### Work task
Restate word for word the line containing "Ensemble garçon 6-13" and all remaining lines of the entries below.
[Opening Record set section]
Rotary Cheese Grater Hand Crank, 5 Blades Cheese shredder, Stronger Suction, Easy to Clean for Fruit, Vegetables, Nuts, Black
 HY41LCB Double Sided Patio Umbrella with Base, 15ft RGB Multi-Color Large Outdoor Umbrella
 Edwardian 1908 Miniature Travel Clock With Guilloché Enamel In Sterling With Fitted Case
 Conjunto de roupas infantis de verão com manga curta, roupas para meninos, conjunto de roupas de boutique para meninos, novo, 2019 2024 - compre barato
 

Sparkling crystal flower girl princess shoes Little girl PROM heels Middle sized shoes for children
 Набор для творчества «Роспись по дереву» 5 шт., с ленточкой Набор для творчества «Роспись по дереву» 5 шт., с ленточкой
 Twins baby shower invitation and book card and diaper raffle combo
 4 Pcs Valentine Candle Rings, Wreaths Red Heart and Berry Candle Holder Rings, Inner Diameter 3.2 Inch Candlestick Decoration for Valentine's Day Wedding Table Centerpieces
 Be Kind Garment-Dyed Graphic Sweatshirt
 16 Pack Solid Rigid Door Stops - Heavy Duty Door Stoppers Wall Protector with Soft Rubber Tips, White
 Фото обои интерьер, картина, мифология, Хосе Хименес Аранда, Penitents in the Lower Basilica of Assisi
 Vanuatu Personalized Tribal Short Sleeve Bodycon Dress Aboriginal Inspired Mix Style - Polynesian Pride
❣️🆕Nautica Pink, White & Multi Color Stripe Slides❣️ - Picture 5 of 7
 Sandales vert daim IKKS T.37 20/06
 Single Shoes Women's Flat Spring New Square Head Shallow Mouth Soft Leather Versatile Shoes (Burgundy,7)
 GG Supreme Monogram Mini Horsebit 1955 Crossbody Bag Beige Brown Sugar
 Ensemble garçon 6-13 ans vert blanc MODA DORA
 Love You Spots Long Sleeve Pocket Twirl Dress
[Closing Record set section]
### Response
 Ensemble garçon 6-13 ans vert blanc MODA DORA
 Love You Spots Long Sleeve Pocket Twirl Dress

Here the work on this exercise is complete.